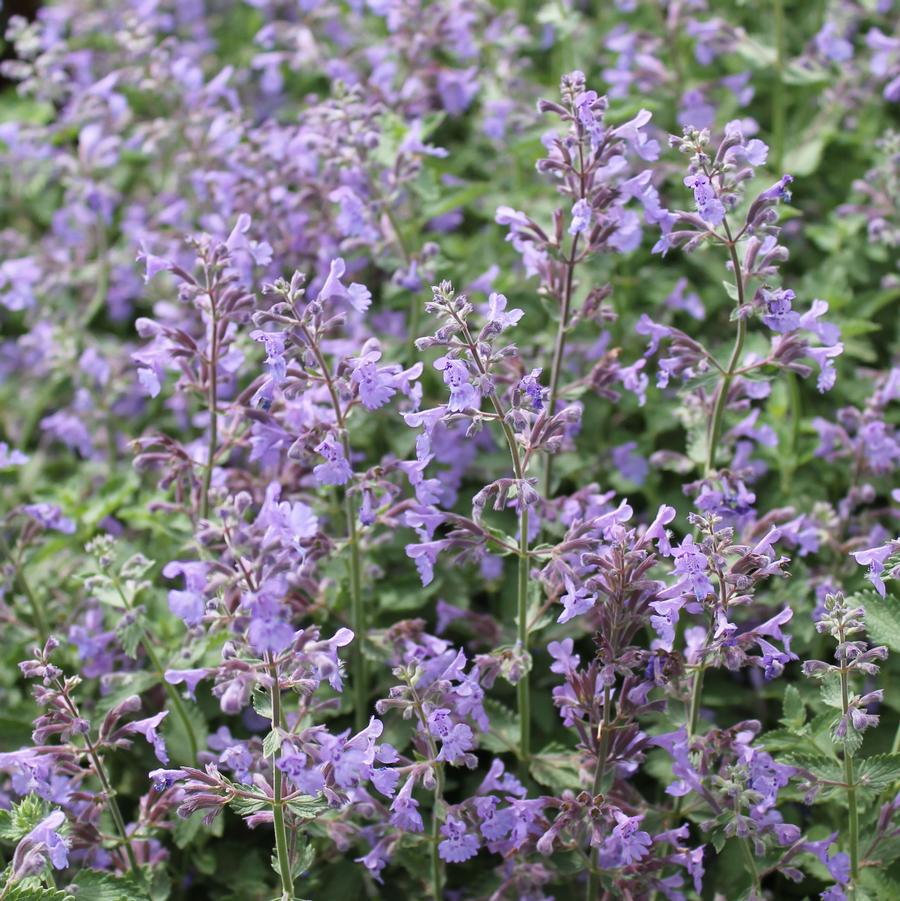 Nepeta faassenii 'Walker's Low' - Catmint from Hoffie Nursery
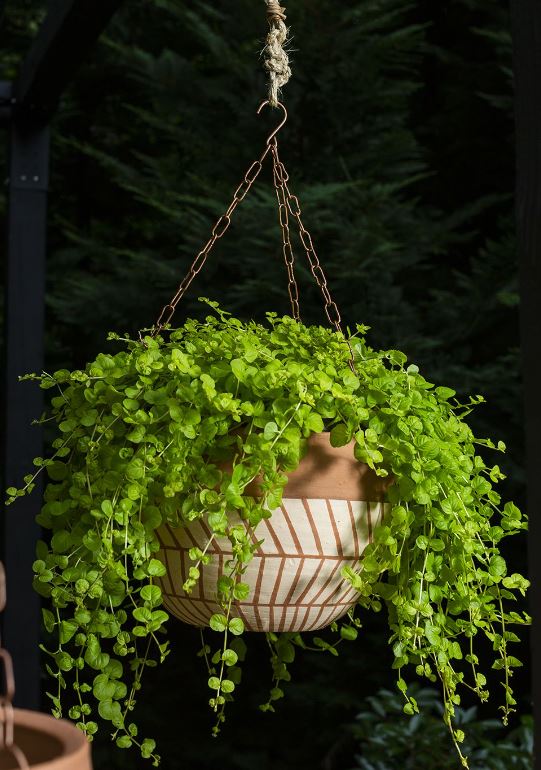 Severn Hanging Pot - 3 Sizes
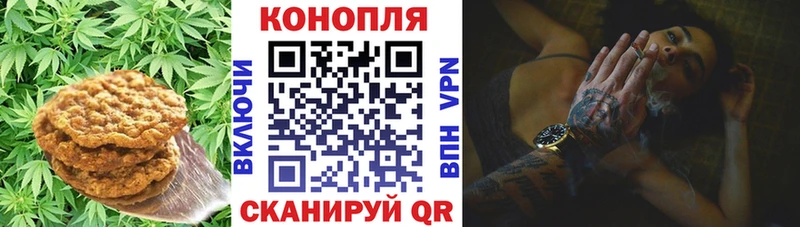 купить закладку  Волхов  Canna-Cookies конопля 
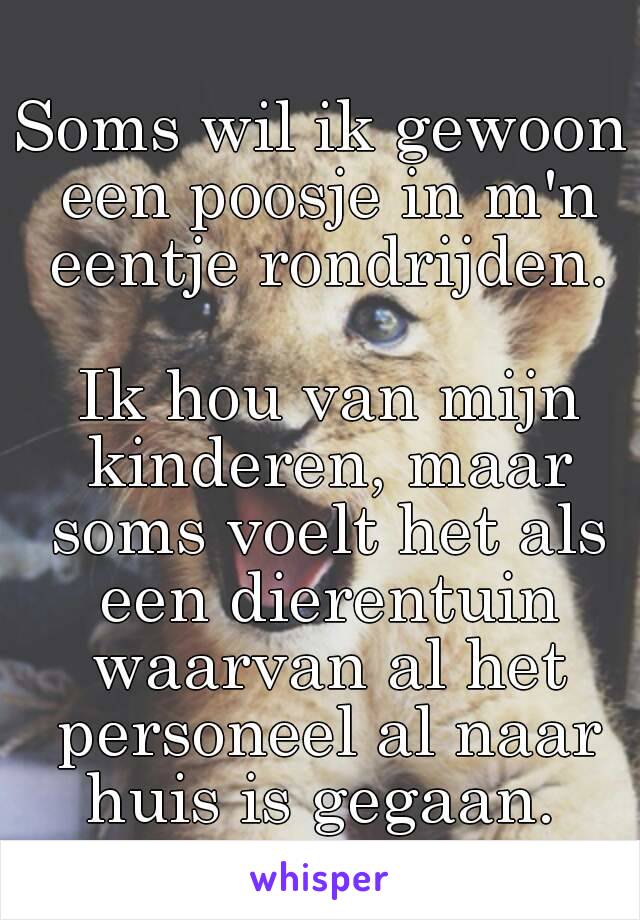 
Soms wil ik gewoon een poosje in m'n eentje rondrijden.

 Ik hou van mijn kinderen, maar soms voelt het als een dierentuin waarvan al het personeel al naar huis is gegaan. 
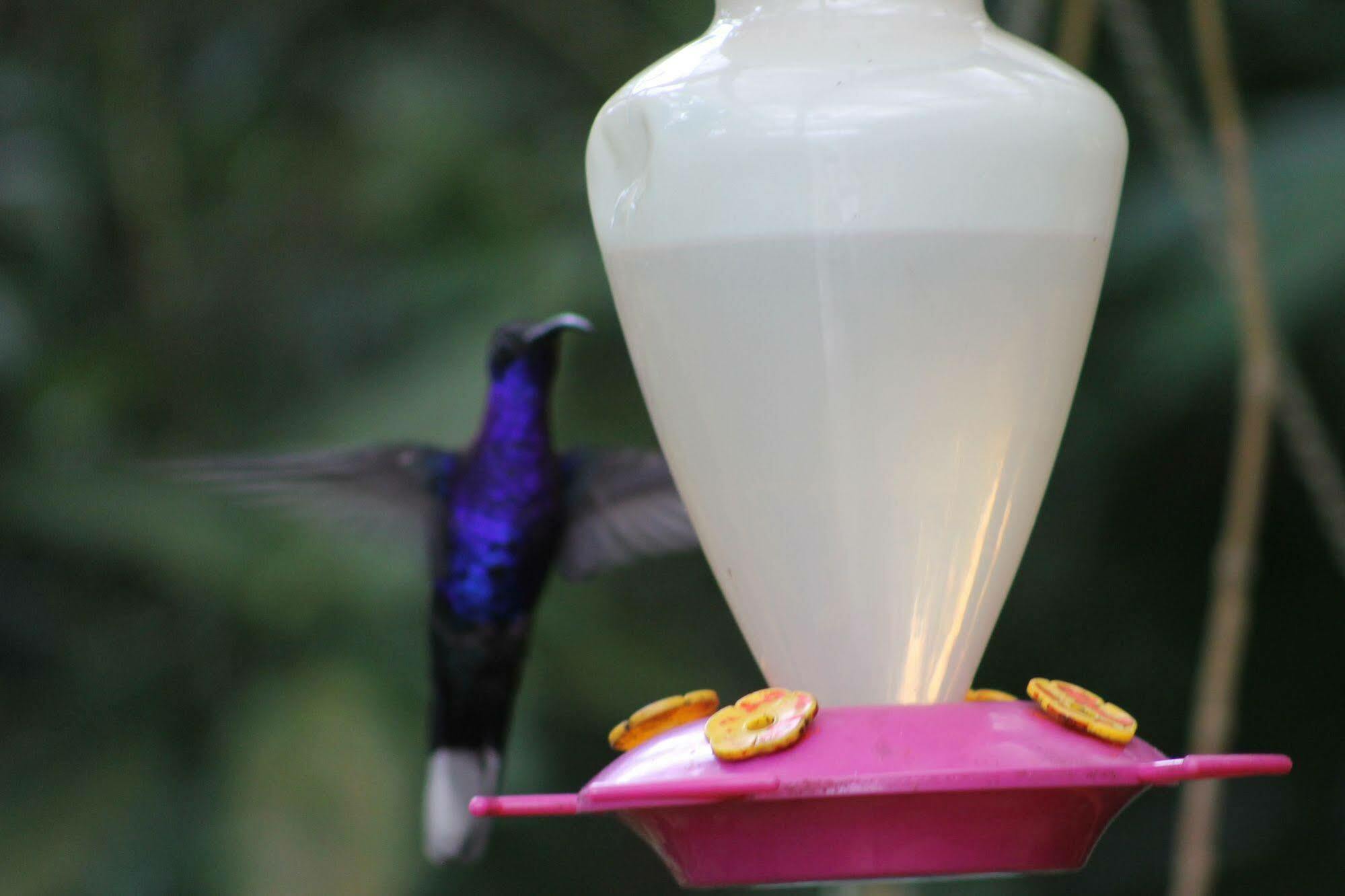 Hotel Bosque Verde Lodge Monteverde Luaran gambar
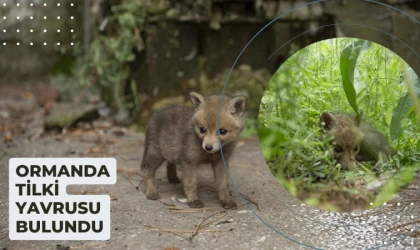 Dağlık alanda yavru tilki bulundu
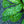 Load image into Gallery viewer, Celebration Lungwort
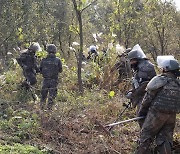 유엔사 "DMZ 남북관리구역 동해지구서 지뢰제거 작전 지원"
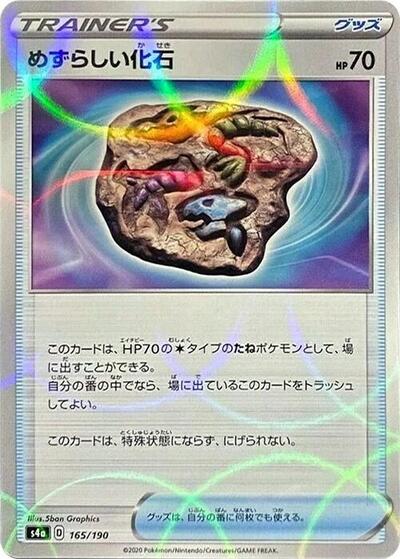 Rare Fossil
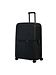 Samsonite graphite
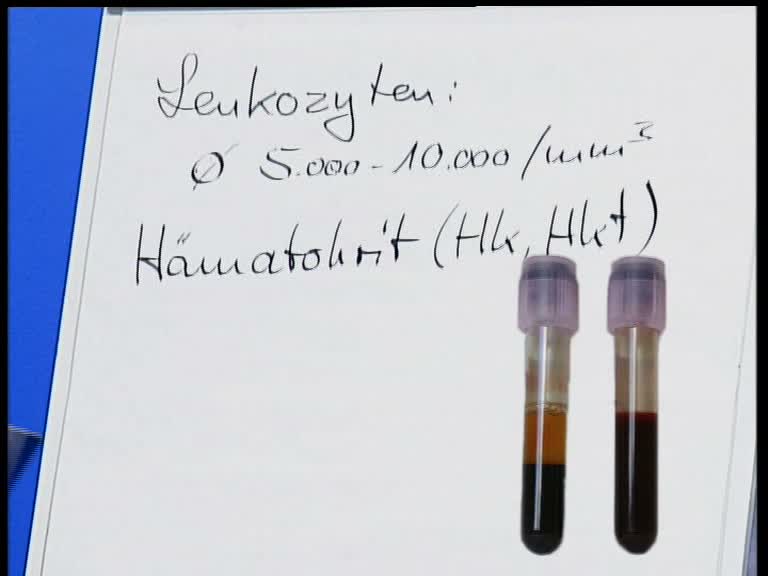 haematokrit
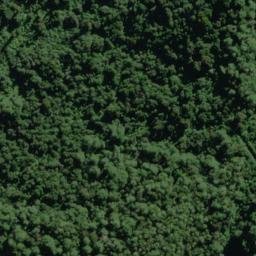 Satellite imagery of Roa Spur, NZ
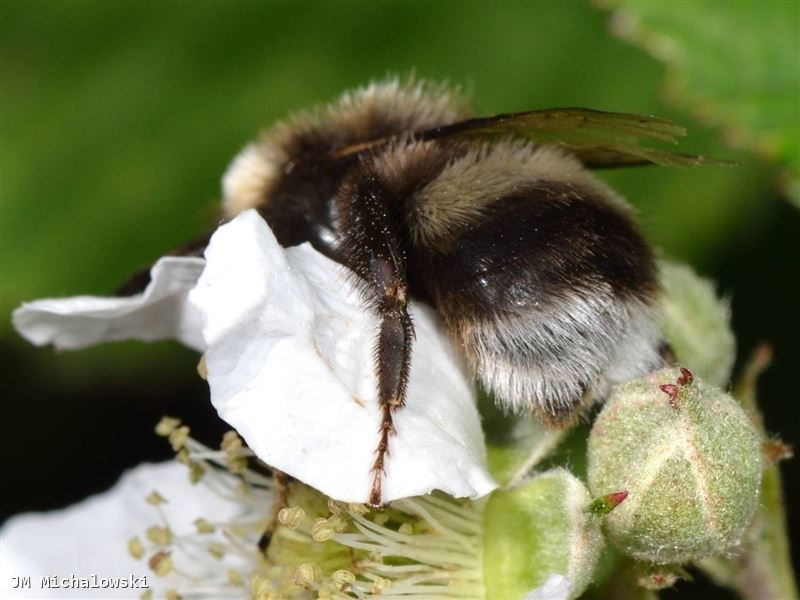 Bombus lucorum mâle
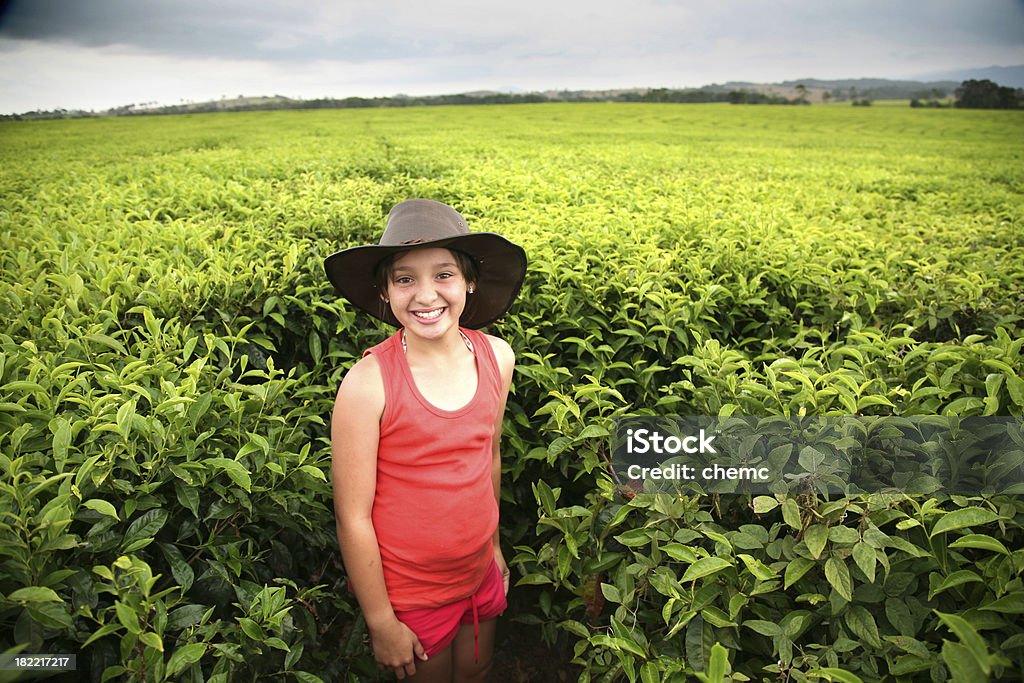 Menina no tea farm - Foto de stock de Austrália royalty-free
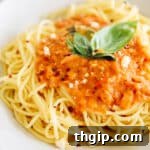 Plate of noodles topped with arrabbiata sauce and fresh basil.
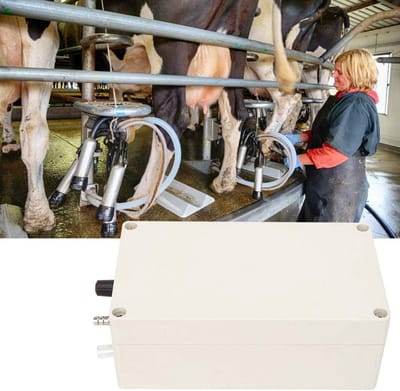 Draagbare Elektrische Vacuümpomp 12V voor Melken van Vee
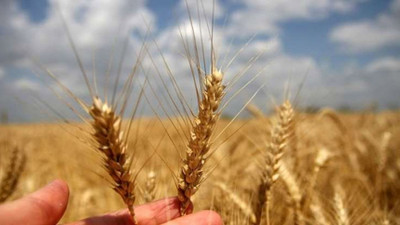 Karadeniz'deki gerilim buğday fiyatlarını arttırdı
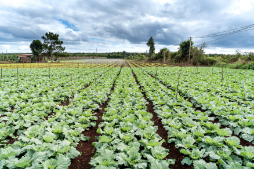 Rows of organic crops under greenhouse cover at the Model Farm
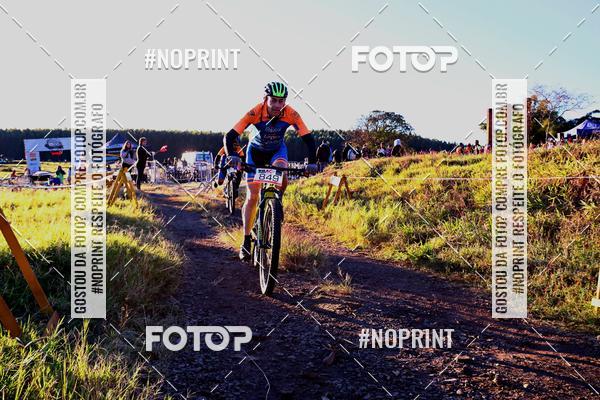 Buy your photos of the eventWolf Series - Botucatu on Fotop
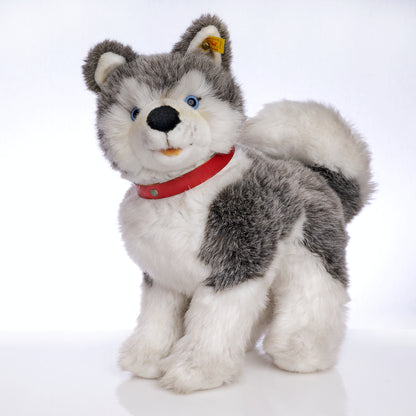STEIFF  'Husky' Plush Dog - Yellow Tag 079634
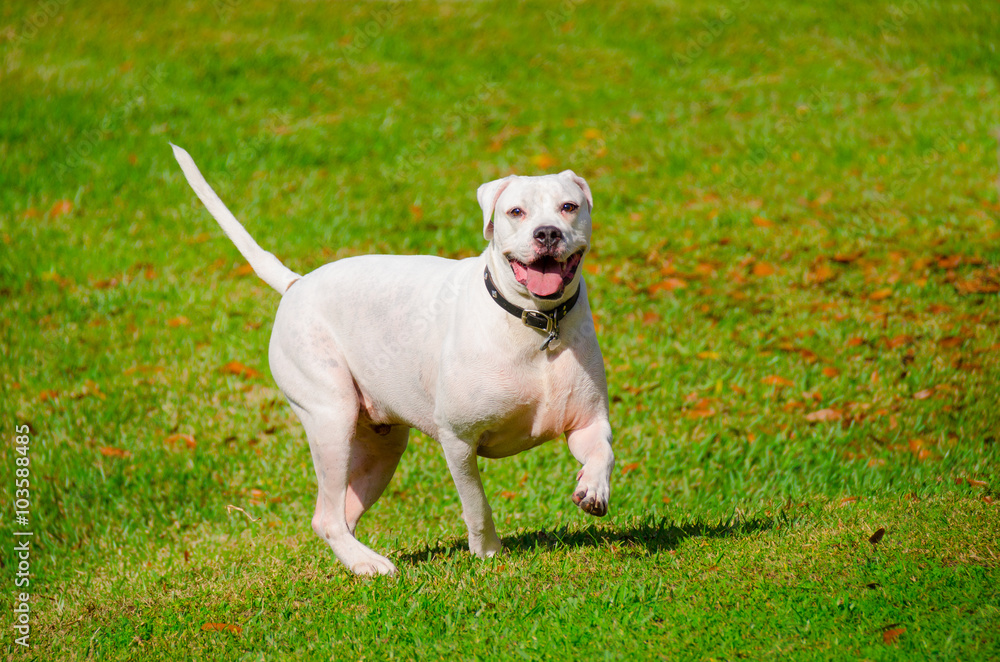 A large white American bulldog is trotting through a grass field on a sunny afternoon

■ ■ ■ ■ ■

TASK GOAL: The copy must begin with the line containing "Hotel Bosque Verde", end with the last line of the material, match each line exactly, and hold no pictures.

OUTPUT BELOW:
 Hotel Bosque Verde Lodge Monteverde Luaran gambar
 Dağlık alanda yavru tilki bulundu
 Load image into Gallery viewer, Celebration Lungwort
 유엔사 "DMZ 남북관리구역 동해지구서 지뢰제거 작전 지원"
 Rare Fossil
 Samsonite graphite
 haematokrit
 Satellite imagery of Roa Spur, NZ
 Bombus lucorum mâle
 Menina no tea farm - Foto de stock de Austrália royalty-free
 Plate of noodles topped with arrabbiata sauce and fresh basil.
 Draagbare Elektrische Vacuümpomp 12V voor Melken van Vee
 Karadeniz'deki gerilim buğday fiyatlarını arttırdı
 Rows of organic crops under greenhouse cover at the Model Farm
 Buy your photos of the eventWolf Series - Botucatu on Fotop
STEIFF  'Husky' Plush Dog - Yellow Tag 079634
 A large white American bulldog is trotting through a grass field on a sunny afternoon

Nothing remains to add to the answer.